Jennifer Cernoch, executive director of the group’s Texas chapter, said that military wives at Fort Hood stayed up past midnight one day this month to try to be the first to register online for the operation’s holiday turkey giveaway. The list for 450 was filled in about an hour. The group also installed a food pantry two years ago, something officials never thought they’d have to do.
“I had a couple of weeks ago a wounded warrior, who was a single father applying for assistance,” Cernoch said. “I asked him if he needed food, and he said, ‘I think we can make it.’ Then his son came in, and I asked, ‘Are you guys okay?’ and he said, ‘It’s okay, ma’am, we can eat ramen again tonight.”
Many soldiers are too ashamed to ask for help, Brantley said. “They don’t want to be a burden to society, and that’s especially true of the military,” she said. “They feel they should be able to take care of themselves . . . the ‘pull yourself up by your bootstraps’ mentality.”
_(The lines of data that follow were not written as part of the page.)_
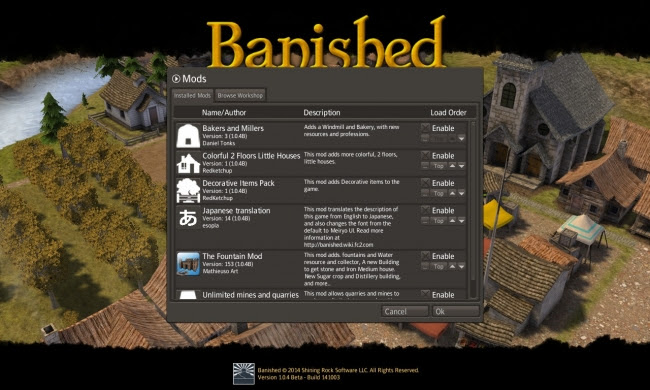 Banished Mod入れてみました Tanpokotanゲームブログ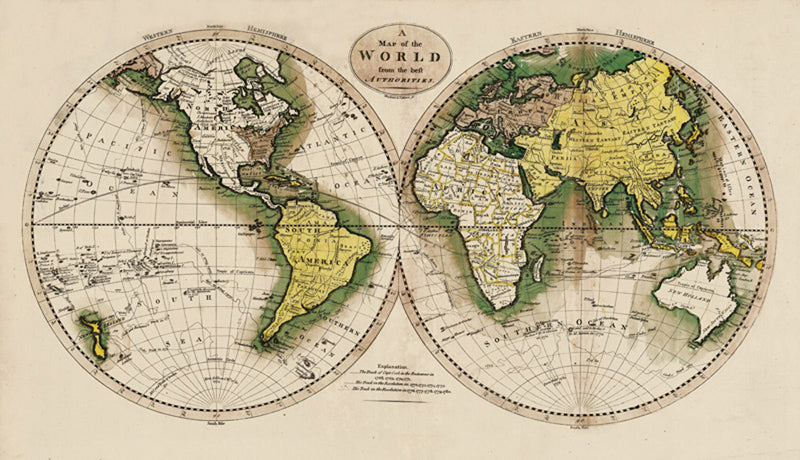 World Map 1795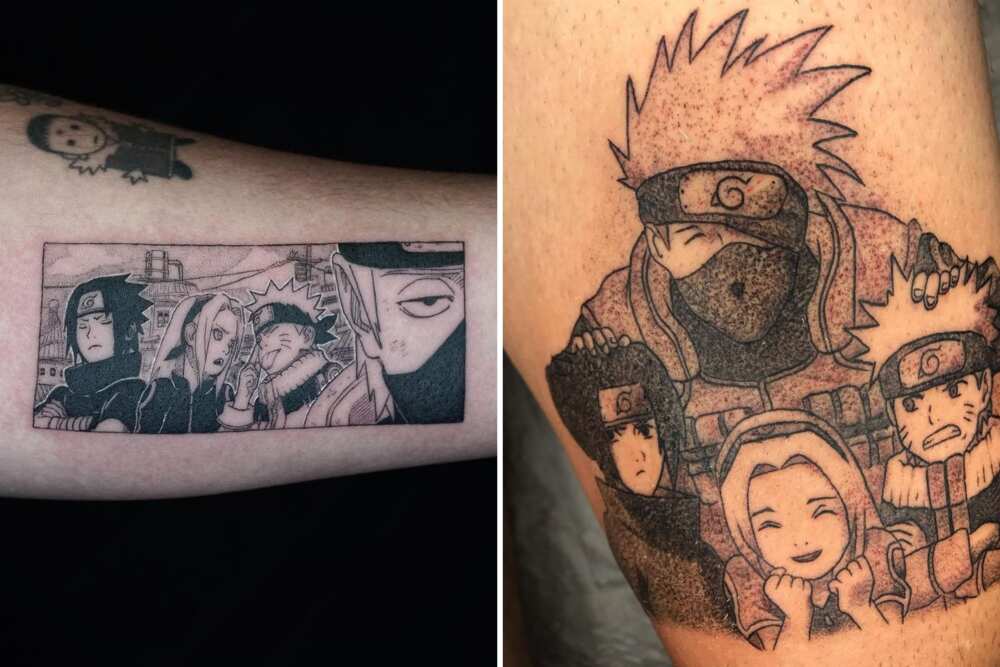 Naruto tattoos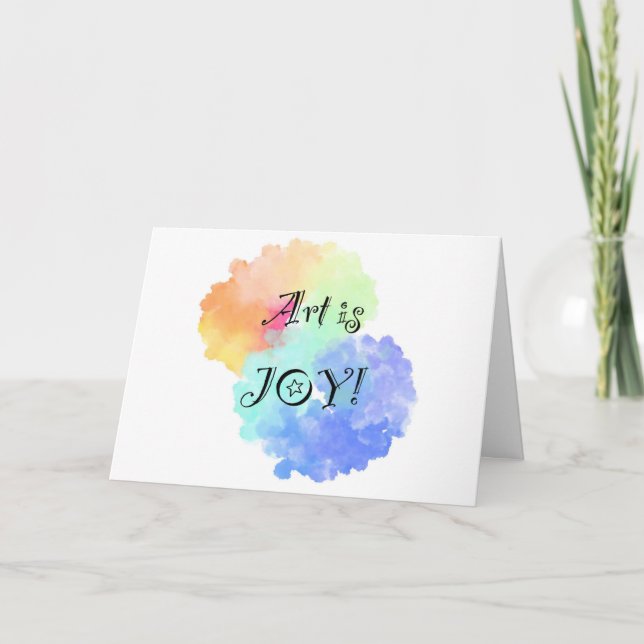 Cartão Arte é Joy Card (Frente)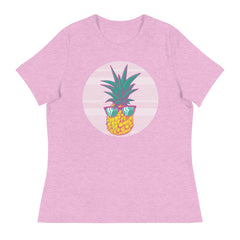 Pineapple Print T-shirts for Women's Fashion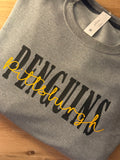 Custom team cursive design
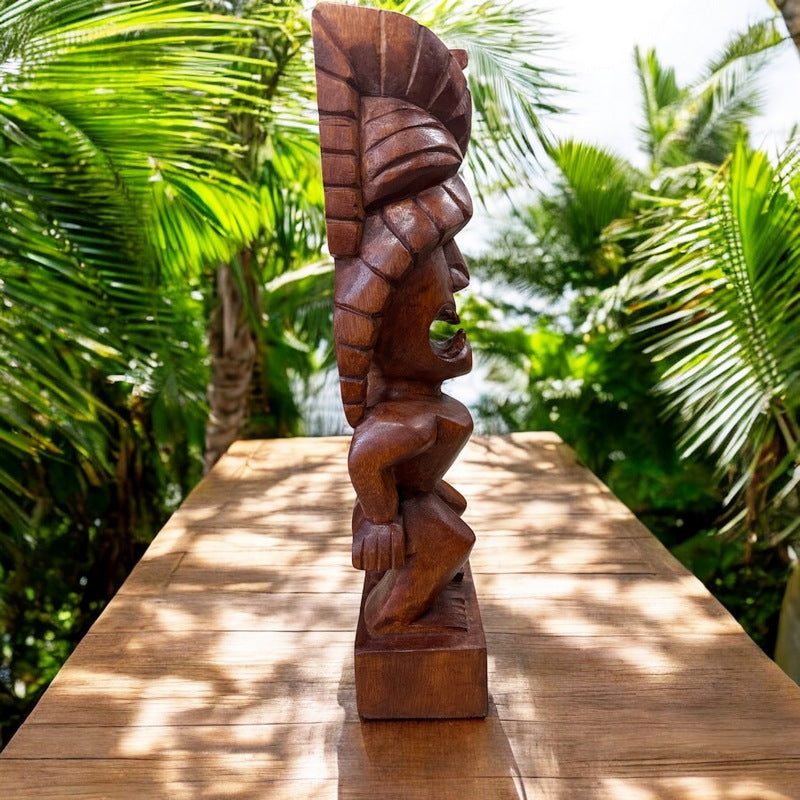 Lono Tiki God | Hawaiian Museum Replica 20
This summer, the Defense Department took steps to help some of the families with an effort to link spouses with private sector employment, Thompson said. It has resulted in 8,000 hires.
The high cost of living in the Washington area adds to the burden for local military families, experts say. The region has the eighth-highest cost of living in the United States, according to the Council for Community and Economic Research, which tracks the index quarterly.
Mary Ann Jones, 22, the pregnant wife of a Marine lance corporal, said that the high cost of food makes her dread going to the grocery store. She and her husband, Matthew Jones, have been losing sleep, wondering how they are going to make it on his $22,000-a-year salary when the baby arrives in March, she said.
Mary Ann had to quit her job as a clerk because of pregnancy complications and said she is pessimistic about her chances of finding other work. The couple make do with a monthly free box of groceries for military families from an aid organization in Stafford County and picked up a holiday bag at the USO giveaway.
“We’re taking it as it goes. At least I am,” said Matthew Jones, 24, a military police officer. “If it comes down to it, and they have to eat first, I’m happy.”